The heart of this problem has to do with what happens when power is initially applied. What initial state will the circuit assume and how will that happen? The text discusses this matter starting on page 232 near the bottom of the page, the paragraph that starts, "When the power in a digital system is first turned on. . ." and continuing up to Example 5-3 on page 233. The reset signal discussed in this part of the textbook is active when the power is first applied. After the power is stable (at +5 volts for example) and the clock has been running properly for at least a few cycles (the clock itself usually will not run correctly if the power is not stable) then the reset signal automatically changes to be not active and normal operation of the state machine begins from a known state that was forced by the reset signal.
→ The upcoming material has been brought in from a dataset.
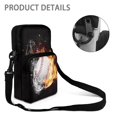 thumbnail image 5 of Psesaysky Cross Body Bags Fire Water Baseball , Two Zippers Crossbody Wallet for Travel, Stretch Polyester Small Messenger Bag for Men and Women, 5 of 7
Most power supply circuits provide a reset signal like this.

In problem 5-12 a schematic is given. A new input labeled R (for "reset") needs to be added. This signal needs to connect into the schematic through wires with or without other changes. You could for example add a "reset" input to each of the flip-flops. (See the discussion in the text titled "Direct Inputs" starting on page 221.) You could change the number of inputs on some of the gates. (For example, change a 2-input gate to a 3-input gate and connect R to the new gate input.) You may add new gates to the next-state logic. You may even re-design the next state logic entirely if this is the easiest approach for you.

Although the final designs for parts a and b each call for different logic diagrams), each should function the same as the given design when R is not active, but should go to the assigned state (given in the problem statement) and stay there regardless of X when R is active. The problem statement specifies that for part a, R is active when
R = 1 and for part b, R is active when R = 0.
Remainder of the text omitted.